What Is Constructive Notice In An Orlando Negligent Security Case?
The Orlando Sentinel recently ran a story that I struck me as particularly instructive regarding Florida law as it applied to negligent security cases. The story involved the tragic death of one person, and significant injury to another, following a shooting at the NorthBridge apartment complex near the Mall at Millenia in Orlando. According to the report, law enforcement officials are not releasing the names of the victims at this time.
The interesting thing to me, as an Orlando negligent security lawyer, was the second part of the Sentinel story, where the writer, Susan Jacobson, referenced another recent shooting in the same area around the Mall at Millenia. That shooting occurred at the Villages on Millenia, and involved another tragic, fatal shooting.

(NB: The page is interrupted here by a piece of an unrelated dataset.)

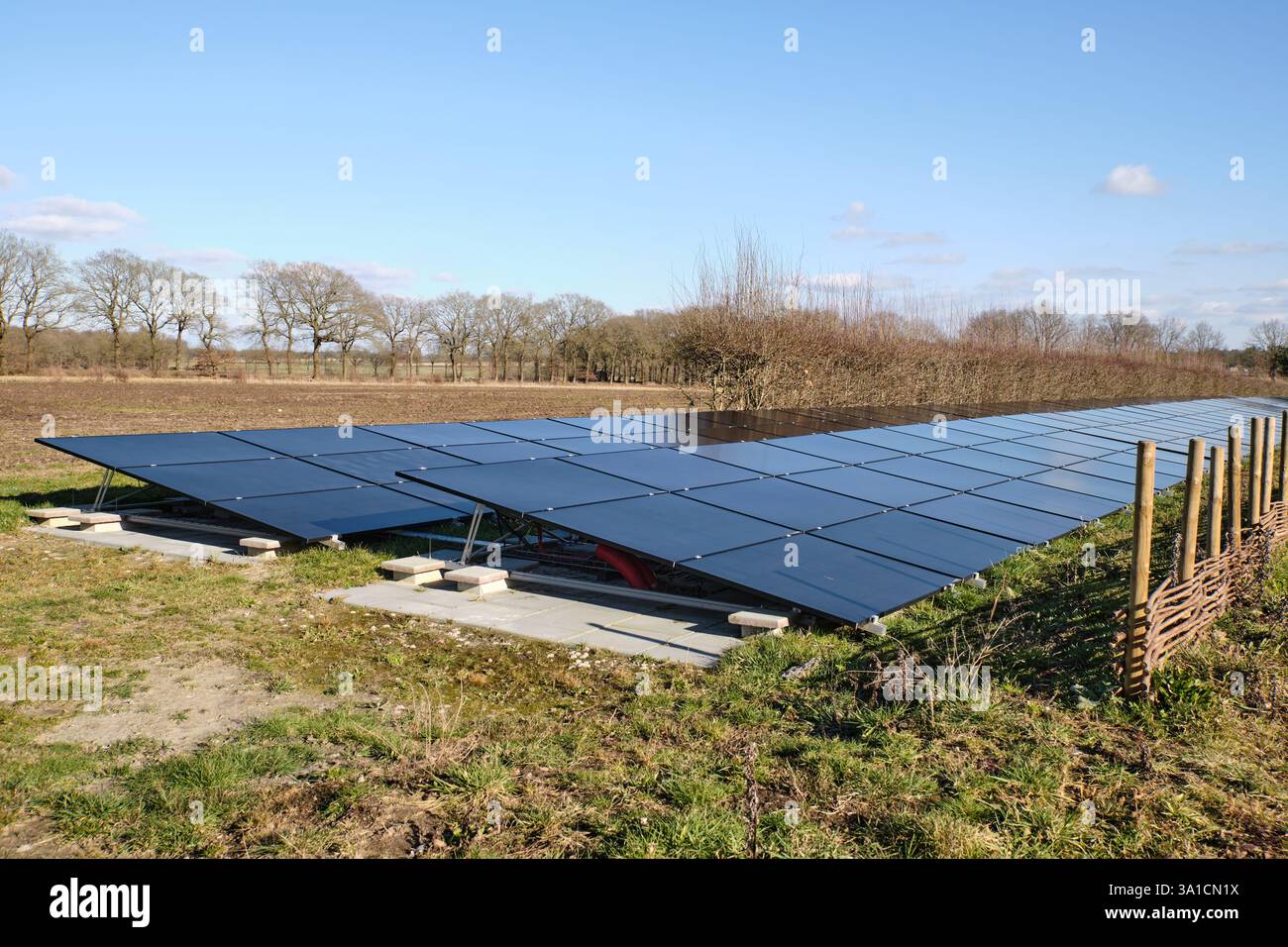 2. März 2025 - Borger, Niederlande: Zwei Reihen von Solarpaneelen in einer natürlichen Landschaft nahe dem Hunebedcentrum, die Nachhaltigkeit mit n verbinden Stockfoto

One of the big challenges we face when we handle a Florida negligent security case is the issue of constructive notice. Constructive notice is the legal theory that can be used to hold a defendant accountable for information that the defendant “should have known” if the defendant has used reasonable care.
Defendants in negligent security cases almost always argue that there is no way that they could have known that a violent act was going to happen to a victim on their premises. Constructive notice allows us to utilize data and other information regarding violent crimes and other activity in a certain geographic area to argue that a business owner in a particular instance should have anticipated a bad act and provided security against it.
The news article referenced above, and that fact that there have been two fatal shootings in apartments near the Mall at Millenia in less than one month should move every apartment complex in that area into ACTION — beefing up security measures in every aspect of operations, in order to keep residents and guests safe from the kinds of crimes that are – now, very obviously — going on in that area.